==== SUPPLIED ENTRIES

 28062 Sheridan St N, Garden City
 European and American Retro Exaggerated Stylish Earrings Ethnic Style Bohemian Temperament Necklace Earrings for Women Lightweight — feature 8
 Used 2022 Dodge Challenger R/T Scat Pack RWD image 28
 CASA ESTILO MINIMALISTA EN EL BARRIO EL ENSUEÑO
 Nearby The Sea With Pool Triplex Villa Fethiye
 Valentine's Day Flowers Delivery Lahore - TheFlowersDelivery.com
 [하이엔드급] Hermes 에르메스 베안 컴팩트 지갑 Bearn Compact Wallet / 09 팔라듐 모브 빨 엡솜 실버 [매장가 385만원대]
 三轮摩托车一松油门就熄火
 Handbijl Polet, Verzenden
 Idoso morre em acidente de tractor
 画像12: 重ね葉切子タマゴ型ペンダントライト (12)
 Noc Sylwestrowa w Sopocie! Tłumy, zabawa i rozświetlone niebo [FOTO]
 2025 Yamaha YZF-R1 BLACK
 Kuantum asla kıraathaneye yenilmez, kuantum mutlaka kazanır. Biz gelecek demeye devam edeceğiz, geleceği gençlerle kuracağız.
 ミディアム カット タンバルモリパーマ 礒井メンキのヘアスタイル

========

Exactly reproduce the lines from the one containing "Handbijl Polet, Verzenden" through the end of the records, and only those lines.

 Handbijl Polet, Verzenden
 Idoso morre em acidente de tractor
 画像12: 重ね葉切子タマゴ型ペンダントライト (12)
 Noc Sylwestrowa w Sopocie! Tłumy, zabawa i rozświetlone niebo [FOTO]
 2025 Yamaha YZF-R1 BLACK
 Kuantum asla kıraathaneye yenilmez, kuantum mutlaka kazanır. Biz gelecek demeye devam edeceğiz, geleceği gençlerle kuracağız.
 ミディアム カット タンバルモリパーマ 礒井メンキのヘアスタイル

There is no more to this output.